Thanks to their exposure to English in different media, Flemish adults are generally competent English-speakers. Although English is now a more popular option than Dutch at francophone schools, French-speakers tend to lag behind. Overall, Belgium finished in ninth place on the 2014 English Proficiency Index, a worldwide ranking that maps the knowledge of English. This a considerable improvement compared to the previous year, when Belgium ranked 13th.
It begins with the schools. In Brussels, a law dating from 1963 makes the teaching of Dutch mandatory from the third year in French- speaking primary schools. After-school Dutch- language options are also available to children of working parents. The teaching of English starts in the third year of secondary for three hours a week.
In Wallonia, schools have traditionally taught Dutch from the fifth year of primary school, but some have started offering it earlier. At secondary school, pupils are free to choose their first foreign language in the first year and the majority now opt for English rather than Dutch, returning to the latter in their third year. This is one reason why it is now not uncommon for Flemings and Walloons to communicate in English. In recent years, the Walloon region has tried to boost its students’ language skills. International relations agency Wallonie–Bruxelles International offers scholarships to higher education language students to study abroad.
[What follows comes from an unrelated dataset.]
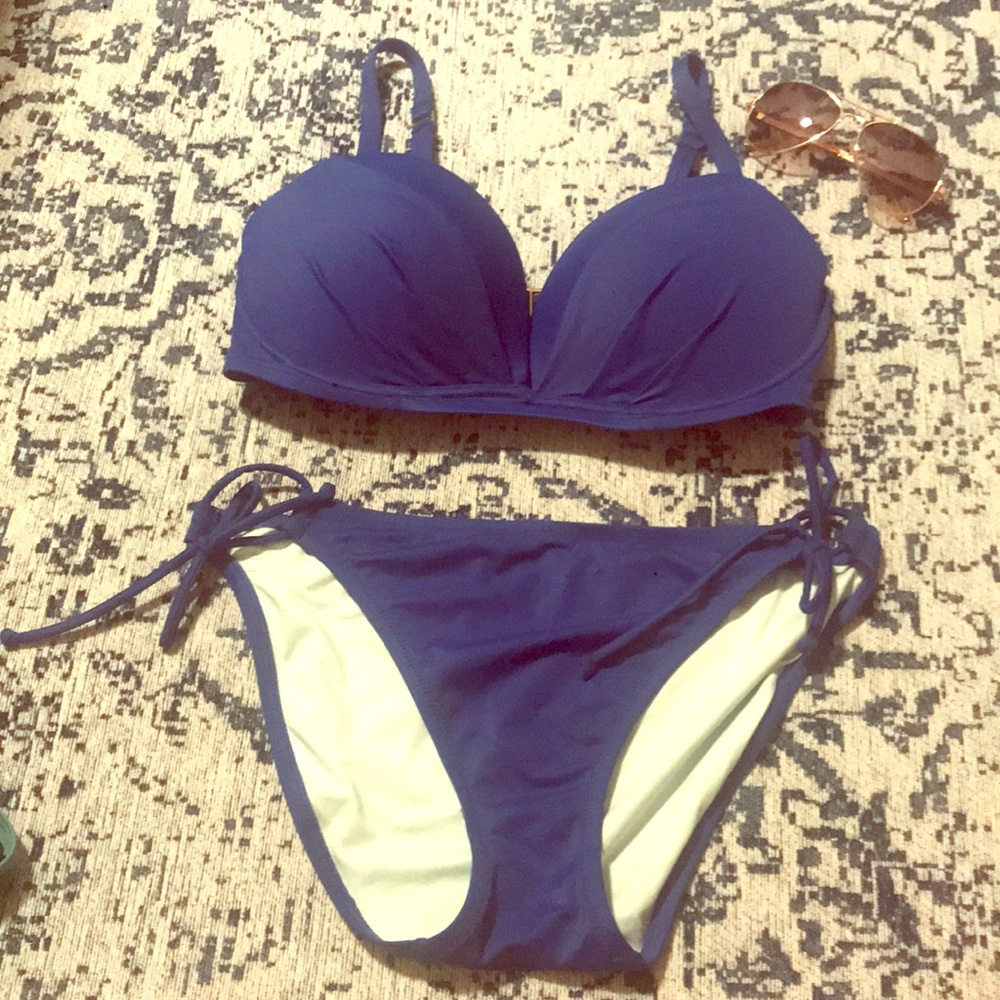 Victoria’s Secret Bikini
In Flanders the hours are less strictly regulated, but the goals for achievement by the end of year six are the same. Non-Dutch-speaking pupils who have lived in the Flemish region for less than a year can qualify for extra support through reception education. In Okan, which stands for onthaalklas voor anderstalige nieuwkomers, or reception education for non-Dutch-speaking newcomers, they learn Dutch and get an opportunity to practise their new language – with an emphasis on the practical use of the language.
In primary education, schools are free to decide how they organise their Okan programme: in a separate class, via extra support in the class itself or through a combination of both. In full-time secondary education, non-Dutch-speaking newcomers are immersed in Dutch on a full-time basis before they move on to regular education. In secondary education, there are a number of designated Okan schools.
At the end of 2013, the government of Flanders approved a decree that allows secondary schools to teach up to 20% of courses in three languages other than Dutch: English, French or German. The Content and Language Integrated Learning project has been launched to better prepare pupils for a multilingual future. Every school has the choice of whether to participate in the project or not, and pupils are not obliged to take part. As a result, all courses remain available
in Dutch. This school year, 25 Dutch-speaking secondary schools are participating. About 1,780 students will be able to choose whether they follow certain courses in Dutch or in one of the three other languages. The Flemish initiative is similar to the Walloon system of language immersion education. Under this system, up to 75% of non-language courses are taught in Dutch or English, and it is mostly used in primary schools.